The bane of teacher’s lives in mainstream – moderation. At least though, for courses by exam boards (Entry Level, GCSE, ASDAN…) there’s a markscheme and it’s easy enough to argue over interpretations of said markscheme.
In special education, we are expected to assess and evaluate pupils progress on a weekly basis, recording half termly in a program called ‘b-squared’ – at my place, anyway. However, b-squared has many flaws, among them that it doesn’t cover the whole spectrum of the National Curriculum and that P7 and P8 are often harder to attain than L1. (For the uninitiated, P level descriptors can be found here)
In an attempt to support the assessment from b-squared we moderate classwork for a range of pupils on a regular basis. Every so often, the Science teachers across several LA’s get together and moderate across the schools. How else do you get enough subject specialists and share opinions as you would in a mainstream Science department?
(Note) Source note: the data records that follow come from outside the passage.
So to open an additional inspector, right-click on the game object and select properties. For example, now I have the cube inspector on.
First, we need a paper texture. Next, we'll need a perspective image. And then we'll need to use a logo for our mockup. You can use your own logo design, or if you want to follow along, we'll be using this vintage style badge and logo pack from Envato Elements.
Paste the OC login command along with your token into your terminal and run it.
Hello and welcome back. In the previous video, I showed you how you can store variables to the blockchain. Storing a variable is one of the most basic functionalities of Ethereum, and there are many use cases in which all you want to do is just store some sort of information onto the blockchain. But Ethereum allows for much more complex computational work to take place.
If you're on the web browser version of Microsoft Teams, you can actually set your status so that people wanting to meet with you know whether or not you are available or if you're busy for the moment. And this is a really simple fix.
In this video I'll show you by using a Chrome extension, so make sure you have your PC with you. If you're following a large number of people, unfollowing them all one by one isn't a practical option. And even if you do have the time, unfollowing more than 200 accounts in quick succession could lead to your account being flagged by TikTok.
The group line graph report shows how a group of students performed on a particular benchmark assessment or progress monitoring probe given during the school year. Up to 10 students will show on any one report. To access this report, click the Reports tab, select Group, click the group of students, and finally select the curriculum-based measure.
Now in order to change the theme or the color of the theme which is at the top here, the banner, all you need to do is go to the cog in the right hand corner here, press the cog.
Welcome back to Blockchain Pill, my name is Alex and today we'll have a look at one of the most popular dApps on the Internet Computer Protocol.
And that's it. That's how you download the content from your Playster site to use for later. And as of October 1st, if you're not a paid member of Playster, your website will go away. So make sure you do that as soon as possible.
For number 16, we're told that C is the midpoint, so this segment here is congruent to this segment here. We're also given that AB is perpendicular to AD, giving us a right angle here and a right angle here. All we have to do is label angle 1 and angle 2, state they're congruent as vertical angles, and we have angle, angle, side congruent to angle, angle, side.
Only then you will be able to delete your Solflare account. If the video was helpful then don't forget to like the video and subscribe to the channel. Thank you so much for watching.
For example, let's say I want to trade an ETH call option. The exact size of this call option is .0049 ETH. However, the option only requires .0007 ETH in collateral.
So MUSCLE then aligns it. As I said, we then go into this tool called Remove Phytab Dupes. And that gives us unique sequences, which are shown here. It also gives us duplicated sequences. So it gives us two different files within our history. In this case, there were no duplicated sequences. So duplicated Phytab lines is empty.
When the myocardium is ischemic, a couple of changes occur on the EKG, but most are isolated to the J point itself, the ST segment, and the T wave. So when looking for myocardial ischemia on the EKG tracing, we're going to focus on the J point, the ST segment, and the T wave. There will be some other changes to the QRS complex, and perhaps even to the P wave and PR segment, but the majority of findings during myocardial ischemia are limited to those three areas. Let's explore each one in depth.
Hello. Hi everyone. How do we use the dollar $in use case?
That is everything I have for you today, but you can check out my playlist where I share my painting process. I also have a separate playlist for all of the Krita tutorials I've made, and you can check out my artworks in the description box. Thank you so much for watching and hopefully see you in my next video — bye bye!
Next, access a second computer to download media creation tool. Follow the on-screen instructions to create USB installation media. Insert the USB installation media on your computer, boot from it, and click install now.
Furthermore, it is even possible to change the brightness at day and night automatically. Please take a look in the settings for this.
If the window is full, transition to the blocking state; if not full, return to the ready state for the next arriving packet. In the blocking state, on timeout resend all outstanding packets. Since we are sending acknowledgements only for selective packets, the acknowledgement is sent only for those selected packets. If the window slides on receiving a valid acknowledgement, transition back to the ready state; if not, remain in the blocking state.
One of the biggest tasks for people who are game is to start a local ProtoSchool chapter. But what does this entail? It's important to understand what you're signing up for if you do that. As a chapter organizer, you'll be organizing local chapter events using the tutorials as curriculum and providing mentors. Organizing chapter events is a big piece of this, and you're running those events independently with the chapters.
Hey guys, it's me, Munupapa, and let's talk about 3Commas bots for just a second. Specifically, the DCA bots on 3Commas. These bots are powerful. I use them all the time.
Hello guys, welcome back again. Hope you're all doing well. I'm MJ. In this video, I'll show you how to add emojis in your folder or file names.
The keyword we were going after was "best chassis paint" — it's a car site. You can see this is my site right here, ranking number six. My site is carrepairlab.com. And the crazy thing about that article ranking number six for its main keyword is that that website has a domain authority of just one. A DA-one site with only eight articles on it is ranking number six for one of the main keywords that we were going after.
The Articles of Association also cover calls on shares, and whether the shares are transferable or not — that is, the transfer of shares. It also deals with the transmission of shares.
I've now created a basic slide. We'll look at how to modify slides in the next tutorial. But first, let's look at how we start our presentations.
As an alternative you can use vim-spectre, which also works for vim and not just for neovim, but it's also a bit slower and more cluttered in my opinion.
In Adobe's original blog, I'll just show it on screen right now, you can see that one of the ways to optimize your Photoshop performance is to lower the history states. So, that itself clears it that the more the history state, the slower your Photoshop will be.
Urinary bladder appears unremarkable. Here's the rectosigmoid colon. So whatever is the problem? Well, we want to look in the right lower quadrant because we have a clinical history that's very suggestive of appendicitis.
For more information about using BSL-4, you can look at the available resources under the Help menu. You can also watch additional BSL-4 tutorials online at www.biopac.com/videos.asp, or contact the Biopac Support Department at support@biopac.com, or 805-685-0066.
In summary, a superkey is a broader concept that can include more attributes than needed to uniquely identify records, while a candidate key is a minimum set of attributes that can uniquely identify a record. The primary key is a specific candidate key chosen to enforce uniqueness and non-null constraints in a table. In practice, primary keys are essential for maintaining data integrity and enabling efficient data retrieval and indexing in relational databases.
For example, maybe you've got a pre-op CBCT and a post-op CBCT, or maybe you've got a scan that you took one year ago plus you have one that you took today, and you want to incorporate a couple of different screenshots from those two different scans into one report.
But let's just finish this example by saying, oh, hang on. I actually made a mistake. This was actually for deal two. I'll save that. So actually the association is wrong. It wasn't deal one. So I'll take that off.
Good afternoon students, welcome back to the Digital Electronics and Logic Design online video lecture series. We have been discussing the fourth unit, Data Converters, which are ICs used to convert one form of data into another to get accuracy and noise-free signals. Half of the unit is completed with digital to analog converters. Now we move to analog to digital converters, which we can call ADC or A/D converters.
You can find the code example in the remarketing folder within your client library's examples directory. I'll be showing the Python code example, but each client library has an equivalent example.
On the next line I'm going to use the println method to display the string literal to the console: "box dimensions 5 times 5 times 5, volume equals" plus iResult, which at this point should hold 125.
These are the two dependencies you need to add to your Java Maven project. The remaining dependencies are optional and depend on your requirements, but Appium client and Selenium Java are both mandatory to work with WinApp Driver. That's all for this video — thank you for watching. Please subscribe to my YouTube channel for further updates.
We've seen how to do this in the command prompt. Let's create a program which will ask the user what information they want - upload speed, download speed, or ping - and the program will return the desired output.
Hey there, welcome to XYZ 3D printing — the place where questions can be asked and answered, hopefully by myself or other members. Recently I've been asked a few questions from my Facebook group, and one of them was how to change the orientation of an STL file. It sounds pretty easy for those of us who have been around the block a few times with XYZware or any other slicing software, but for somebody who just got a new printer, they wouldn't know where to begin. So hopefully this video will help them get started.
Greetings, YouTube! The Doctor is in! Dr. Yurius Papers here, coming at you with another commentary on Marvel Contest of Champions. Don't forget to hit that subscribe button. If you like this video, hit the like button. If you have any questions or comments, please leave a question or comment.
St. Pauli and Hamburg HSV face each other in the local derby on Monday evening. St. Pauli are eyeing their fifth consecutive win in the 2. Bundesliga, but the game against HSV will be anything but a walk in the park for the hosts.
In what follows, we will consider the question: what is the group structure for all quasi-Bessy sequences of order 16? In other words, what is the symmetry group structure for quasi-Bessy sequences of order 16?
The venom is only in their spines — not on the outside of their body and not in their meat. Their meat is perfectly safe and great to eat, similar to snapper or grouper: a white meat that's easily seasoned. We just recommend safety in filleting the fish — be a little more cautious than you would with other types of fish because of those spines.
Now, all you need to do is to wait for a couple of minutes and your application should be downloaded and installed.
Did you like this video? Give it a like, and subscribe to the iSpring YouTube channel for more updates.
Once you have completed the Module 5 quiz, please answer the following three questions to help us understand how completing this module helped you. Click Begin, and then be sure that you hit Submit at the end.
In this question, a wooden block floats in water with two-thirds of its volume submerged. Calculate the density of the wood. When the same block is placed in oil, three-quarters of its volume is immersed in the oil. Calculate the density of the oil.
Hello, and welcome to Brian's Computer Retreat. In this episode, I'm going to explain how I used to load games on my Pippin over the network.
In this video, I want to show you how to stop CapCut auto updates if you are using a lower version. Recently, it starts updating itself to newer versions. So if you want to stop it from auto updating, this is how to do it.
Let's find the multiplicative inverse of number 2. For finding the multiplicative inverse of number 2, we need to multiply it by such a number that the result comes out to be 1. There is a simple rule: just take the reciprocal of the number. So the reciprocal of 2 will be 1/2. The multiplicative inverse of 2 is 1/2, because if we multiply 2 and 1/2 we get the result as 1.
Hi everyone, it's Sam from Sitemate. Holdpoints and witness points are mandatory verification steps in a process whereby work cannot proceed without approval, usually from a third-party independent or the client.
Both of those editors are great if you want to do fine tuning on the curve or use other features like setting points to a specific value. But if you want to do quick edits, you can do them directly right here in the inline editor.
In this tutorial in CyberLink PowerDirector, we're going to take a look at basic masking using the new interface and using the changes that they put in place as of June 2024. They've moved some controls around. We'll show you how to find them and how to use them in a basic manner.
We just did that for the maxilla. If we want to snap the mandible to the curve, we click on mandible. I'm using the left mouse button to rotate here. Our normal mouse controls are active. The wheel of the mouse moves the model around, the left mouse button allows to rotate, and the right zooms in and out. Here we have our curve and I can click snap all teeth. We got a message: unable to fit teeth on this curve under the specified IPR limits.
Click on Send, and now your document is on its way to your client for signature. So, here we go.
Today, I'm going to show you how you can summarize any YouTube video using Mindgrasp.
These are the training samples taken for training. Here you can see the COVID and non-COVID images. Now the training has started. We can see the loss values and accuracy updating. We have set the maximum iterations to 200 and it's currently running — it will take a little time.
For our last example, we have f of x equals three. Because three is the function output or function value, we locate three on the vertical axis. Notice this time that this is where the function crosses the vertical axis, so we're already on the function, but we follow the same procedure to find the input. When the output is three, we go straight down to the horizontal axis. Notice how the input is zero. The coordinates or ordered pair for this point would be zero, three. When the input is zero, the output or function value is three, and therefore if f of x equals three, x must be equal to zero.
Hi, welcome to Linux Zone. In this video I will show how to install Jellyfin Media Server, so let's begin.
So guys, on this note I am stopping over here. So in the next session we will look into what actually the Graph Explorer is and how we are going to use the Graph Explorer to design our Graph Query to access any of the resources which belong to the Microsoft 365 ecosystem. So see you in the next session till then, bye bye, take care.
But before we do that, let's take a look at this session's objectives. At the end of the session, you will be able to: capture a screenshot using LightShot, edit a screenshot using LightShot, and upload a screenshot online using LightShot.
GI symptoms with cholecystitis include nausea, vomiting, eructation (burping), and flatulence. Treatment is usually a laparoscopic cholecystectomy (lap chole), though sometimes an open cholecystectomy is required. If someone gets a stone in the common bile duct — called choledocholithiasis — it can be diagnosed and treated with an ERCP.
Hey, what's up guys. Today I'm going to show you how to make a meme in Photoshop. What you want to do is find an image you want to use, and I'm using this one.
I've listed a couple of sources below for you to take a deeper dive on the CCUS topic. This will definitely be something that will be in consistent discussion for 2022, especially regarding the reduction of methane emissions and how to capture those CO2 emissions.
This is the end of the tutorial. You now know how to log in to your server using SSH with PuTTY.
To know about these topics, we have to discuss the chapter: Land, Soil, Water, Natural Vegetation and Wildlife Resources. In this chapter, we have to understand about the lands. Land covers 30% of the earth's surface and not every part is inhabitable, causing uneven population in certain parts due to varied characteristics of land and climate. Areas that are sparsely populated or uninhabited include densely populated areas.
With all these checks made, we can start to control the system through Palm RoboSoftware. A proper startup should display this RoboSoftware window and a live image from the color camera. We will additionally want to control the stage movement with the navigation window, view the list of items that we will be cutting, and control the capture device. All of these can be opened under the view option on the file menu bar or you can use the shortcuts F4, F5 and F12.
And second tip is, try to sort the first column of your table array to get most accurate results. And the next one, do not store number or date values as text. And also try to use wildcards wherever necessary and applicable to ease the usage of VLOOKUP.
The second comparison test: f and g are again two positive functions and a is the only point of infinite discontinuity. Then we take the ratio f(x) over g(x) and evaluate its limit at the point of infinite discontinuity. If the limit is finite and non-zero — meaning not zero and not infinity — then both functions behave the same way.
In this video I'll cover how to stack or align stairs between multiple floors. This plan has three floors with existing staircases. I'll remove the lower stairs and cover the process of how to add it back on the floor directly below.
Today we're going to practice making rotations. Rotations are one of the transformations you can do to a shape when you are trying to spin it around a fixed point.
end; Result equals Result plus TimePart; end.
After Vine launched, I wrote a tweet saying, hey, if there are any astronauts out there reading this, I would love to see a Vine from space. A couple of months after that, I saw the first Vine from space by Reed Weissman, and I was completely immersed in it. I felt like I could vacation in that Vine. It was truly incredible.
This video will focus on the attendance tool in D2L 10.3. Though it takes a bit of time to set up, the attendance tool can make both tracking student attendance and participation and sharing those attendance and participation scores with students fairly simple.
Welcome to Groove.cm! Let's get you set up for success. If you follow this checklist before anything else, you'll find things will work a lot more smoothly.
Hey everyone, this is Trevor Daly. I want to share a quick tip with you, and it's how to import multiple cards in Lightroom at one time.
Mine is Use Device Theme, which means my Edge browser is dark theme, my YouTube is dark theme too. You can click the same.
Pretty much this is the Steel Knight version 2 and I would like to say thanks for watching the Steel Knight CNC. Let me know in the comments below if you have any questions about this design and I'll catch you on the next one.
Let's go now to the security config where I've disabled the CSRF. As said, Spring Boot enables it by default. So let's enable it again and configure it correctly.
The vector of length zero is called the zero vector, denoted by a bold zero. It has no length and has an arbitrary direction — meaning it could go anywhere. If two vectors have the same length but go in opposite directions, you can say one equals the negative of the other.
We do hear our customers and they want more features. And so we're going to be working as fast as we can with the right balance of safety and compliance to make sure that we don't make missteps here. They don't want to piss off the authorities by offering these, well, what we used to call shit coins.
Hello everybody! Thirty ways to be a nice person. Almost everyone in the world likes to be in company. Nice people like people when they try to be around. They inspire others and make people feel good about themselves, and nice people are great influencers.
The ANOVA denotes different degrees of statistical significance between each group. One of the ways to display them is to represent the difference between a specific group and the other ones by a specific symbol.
Anyway, things I feel I can take back to school following the recent moderating session:
- without knowing the student and careful annotation a piece of work can be assessed at anywhere between a P7 and L2 – we need more annotation
- TA’s need to be involved in the moderation process, so that they appreciate more the levels that pupils are working at
- photos used for evidence need to be either annotated or accompanied by a witness statement
- perhaps we need to practice anonymous annotation in school – that way we aren’t swayed by ‘knowing the pupil’
It is really difficult to find work that matches the P level descriptors, particularly when so much other work is done in Science. To moderate efficiently, we need to get a feel for how other work fits into the P levels, otherwise we narrow the range of what we are teaching and teach, almost, ‘to the test’. I was able to produce two pieces of work for one pupil that ‘shows’ she is working at L1. She’s not, really, or she most likely wouldn’t be in my class!
An ongoing process, I feel, and one in which we have a lot to learn.